Topcu, MHP Genel Merkezi Gün Sazak Konferans Salonu'nda düzenlenen "İl Başkanları, İlçe Başkanları ve İl Yönetim Kurulu Üyeleri Eğitim Programı"nın kapanış toplantısına katıldı.
Burada konuşan Topcu, eğitim programlarının, partinin temel değer ve ilkelerinin daha derinlemesine kavranması, teşkilatları güçlendirmesi, iletişim ve siyasal iletişimle dava arkadaşlarının dayanışmasını pekiştirmesi için eşsiz bir fırsat olduğunu ifade etti.

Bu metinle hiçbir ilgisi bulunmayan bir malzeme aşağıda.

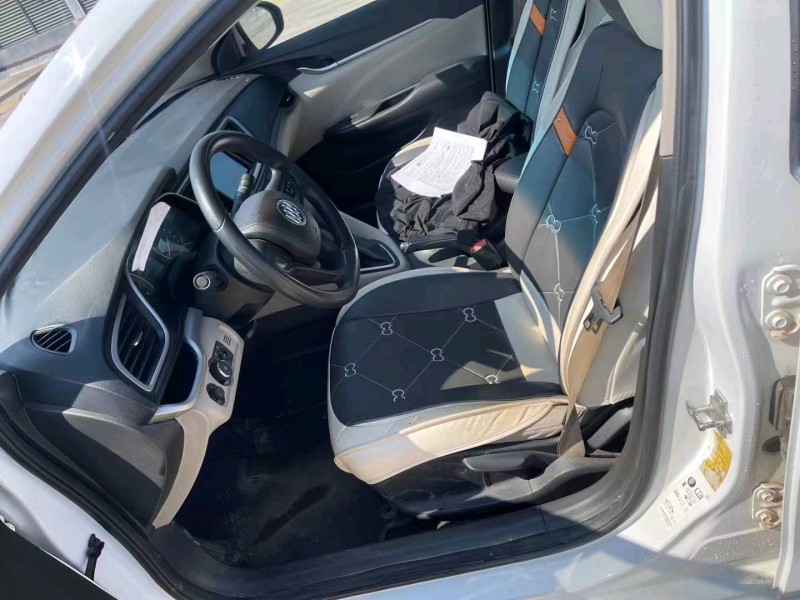 嘉兴17年别克英朗5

Topcu, MHP'nin parti içi eğitimlere her zaman çok önem verdiğine dikkati çekerek, "Dayanışmanın ve kaynaşmanın sağlanması, motivasyonun yüksek tutulması, ortak hedeflerde ortak dil oluşturma ve bilgi paylaşımı için bu eğitimler yoğun bir biçimde yıllardır devam etmektedir." diye konuştu.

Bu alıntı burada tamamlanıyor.